Dedicated by the composer "for those departed," the work clearly has an element of lament and nostalgia, but there is no catharsis here. The only brightness in the premiere arrived in the form of Saariaho's vivid pink scarf, which came into view when the composer emerged from the audience and made her way to the stage to exchange bisou bisou (kisses in French, Saariaho lives in Paris now) with the members of the Emerson -- 12 in all for four bewildered players.
Mr. Holland is not what I would call a friend of Modernism, but that does not prevent him from writing a very clear and perceptive description of the piece and of Ms. Saariaho’s compositional evolution. In a few short sentences and telling phrases (“whispery near-silence”), he gives us an impression of the experience and is able to place the piece, (sonically and historically) for the reader. I don’t know for certain whether he liked it or not (that’s not the point), but there is no doubt that Mr. Holland listened, heard, and articulated a musical experience.

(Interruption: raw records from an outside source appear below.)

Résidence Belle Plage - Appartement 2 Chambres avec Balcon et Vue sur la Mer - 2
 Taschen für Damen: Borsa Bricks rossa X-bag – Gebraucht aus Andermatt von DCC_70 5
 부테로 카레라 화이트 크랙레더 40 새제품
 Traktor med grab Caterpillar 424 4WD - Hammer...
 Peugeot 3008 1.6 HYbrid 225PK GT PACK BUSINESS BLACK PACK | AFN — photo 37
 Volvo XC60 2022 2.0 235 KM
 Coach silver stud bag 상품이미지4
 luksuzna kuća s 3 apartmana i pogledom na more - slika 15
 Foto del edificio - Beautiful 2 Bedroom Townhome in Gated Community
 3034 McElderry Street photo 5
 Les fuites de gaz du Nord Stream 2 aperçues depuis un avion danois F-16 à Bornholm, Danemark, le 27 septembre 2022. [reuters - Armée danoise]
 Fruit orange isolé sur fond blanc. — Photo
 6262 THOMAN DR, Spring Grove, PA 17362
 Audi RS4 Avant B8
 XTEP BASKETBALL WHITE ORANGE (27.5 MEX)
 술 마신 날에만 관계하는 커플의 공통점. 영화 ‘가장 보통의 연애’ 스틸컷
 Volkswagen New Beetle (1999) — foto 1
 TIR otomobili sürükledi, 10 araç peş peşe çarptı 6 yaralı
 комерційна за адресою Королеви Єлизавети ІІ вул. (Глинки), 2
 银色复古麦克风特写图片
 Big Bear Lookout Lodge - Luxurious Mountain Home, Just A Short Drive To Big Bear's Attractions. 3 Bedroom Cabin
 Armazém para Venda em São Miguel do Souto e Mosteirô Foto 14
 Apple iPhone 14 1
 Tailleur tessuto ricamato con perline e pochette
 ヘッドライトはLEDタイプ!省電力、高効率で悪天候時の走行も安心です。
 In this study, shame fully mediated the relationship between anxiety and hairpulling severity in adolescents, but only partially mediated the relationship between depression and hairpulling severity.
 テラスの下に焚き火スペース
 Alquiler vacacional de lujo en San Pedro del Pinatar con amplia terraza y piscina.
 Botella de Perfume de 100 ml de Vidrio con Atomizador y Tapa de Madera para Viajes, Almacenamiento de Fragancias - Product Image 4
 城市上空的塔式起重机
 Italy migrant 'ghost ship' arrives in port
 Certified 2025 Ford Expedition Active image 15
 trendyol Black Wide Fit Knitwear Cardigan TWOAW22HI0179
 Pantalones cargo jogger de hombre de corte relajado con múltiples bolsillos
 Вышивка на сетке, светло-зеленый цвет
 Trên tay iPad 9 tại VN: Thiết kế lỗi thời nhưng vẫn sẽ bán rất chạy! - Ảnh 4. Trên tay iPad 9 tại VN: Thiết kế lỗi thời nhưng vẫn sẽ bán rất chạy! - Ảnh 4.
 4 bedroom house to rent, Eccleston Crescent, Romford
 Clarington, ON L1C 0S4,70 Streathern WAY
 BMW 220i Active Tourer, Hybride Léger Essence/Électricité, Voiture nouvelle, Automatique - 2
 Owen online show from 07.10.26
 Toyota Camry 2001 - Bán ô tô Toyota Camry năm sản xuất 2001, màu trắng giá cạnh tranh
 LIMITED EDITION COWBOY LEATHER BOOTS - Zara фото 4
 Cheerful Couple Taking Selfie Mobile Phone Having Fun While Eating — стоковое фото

Mr. Finane, on the other hand, is all over the place. I’m pretty sure he didn’t like the piece, but I can’t be certain he engaged with it. Some of the adjectives he threw out (“angst-ridden”, “calculated”) seem contradictory, which can be an effective means of communicating an impression, but it doesn’t work that way here, for me.

Mr. Finane falls into the trap of claiming to know the composer’s intentions (“[t]he schema of the piece, which was simply to explore a sliding wash of color . . .”) while criticizing the piece for not having different aims (“but there is no catharsis here”). When a critic does this he is substituting a sort of Platonic ideal of the piece (based on his own private standards) for the piece itself, which is found to be lacking.

I’ll admit to piling on Bernard Holland when I think he is wrong or, more importantly, wrong-headed. But in this case, his piece is a very good example of how good criticism can be done. Especially in contrast.